Хьюго снова смотрит на залив и вдруг осознает, что проехал почти через всю Америку без денег, что можно считать либо впечатляющим достижением, либо верхом идиотизма. Его родители, вероятно, склоняются к последнему. И тут ему приходит в голову, что, может быть, они так легко отпустили его, пожелав удачи, потому что знали, что он все равно вернется к ним, как бумеранг.

Однажды Хьюго прочитал историю о зебре, которая сбежала из зоопарка. Она нескольких часов неплохо развлекалась, петляя по автостраде и уворачиваясь от полиции. Но в конце концов ее схватили, что, конечно, подавалось как счастливый конец. Потому что зебра без людей ни за что бы не выжила.

Тем более всем известно, что зебры, как ни крути, стадные животные.

Хьюго решает не ходить к морским львам.

Он шагает по городу до тех пор, пока перед ним не появляется мост – ярко-красный, совсем как с открытки, – но парень продолжает идти, пока не добирается до небольшого пляжа, с которого открывается вид на «Золотые ворота». Он сидит на холодном песке и смотрит, как увядают цвета, как золотой сменяется розовым, розовый – фиолетовым, а фиолетовый, наконец, серым. Когда солнце скрывается за горизонтом, Хьюго встает и в сгущающихся сумерках возвращается в отель, уставший и одинокий, и готовится ко сну на кровати в форме лодки.

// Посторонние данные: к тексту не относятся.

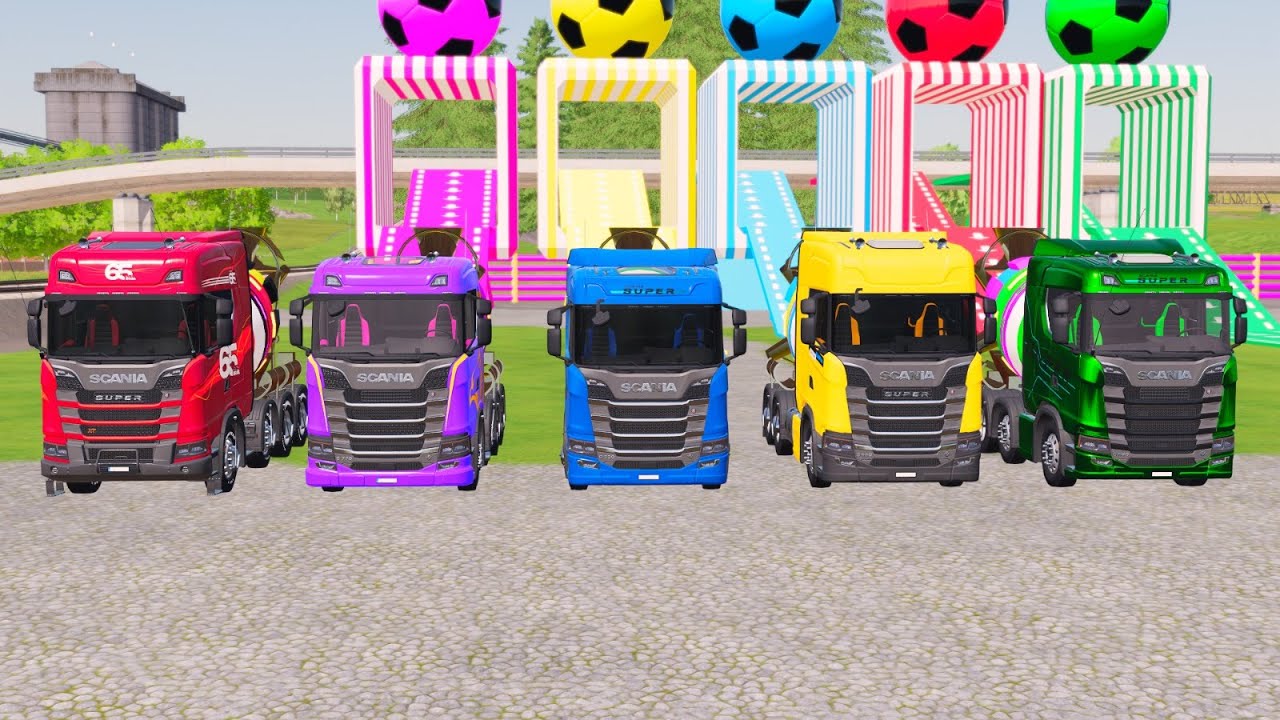Flatbed McQueen | Transportation with Truck – Color Cars Challenge #3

Посреди ночи Хьюго просыпается от того, что ему кажется, будто он едет в поезде. Он берет телефон, надеясь получить весточку от Мэй, но от нее ничего нет. Зато есть сообщение от Альфи.


Альфи: «Меня избрали узнать у тебя, как продвигаются дела с Маргарет Кэмпбелл номер два».

Хьюго: «Сегодня она уехала».

Альфи: «Фига себе. Должно быть, тебе все-таки не удалось извиниться».

Хьюго: «Нет, у нее умерла бабушка».

Альфи: «Ого! Грустная новость».

Хьюго: «Это да».

Альфи: «И что теперь?»

Хьюго: «Ничего. Она уехала».

Альфи: «Но ведь она нравится тебе, верно?»

Хьюго: «Да. Очень».

Альфи: «Тогда, может быть, еще ничего не кончено…»

Хьюго: «Думаю, это конец. Она уехала, а я через два дня вернусь домой».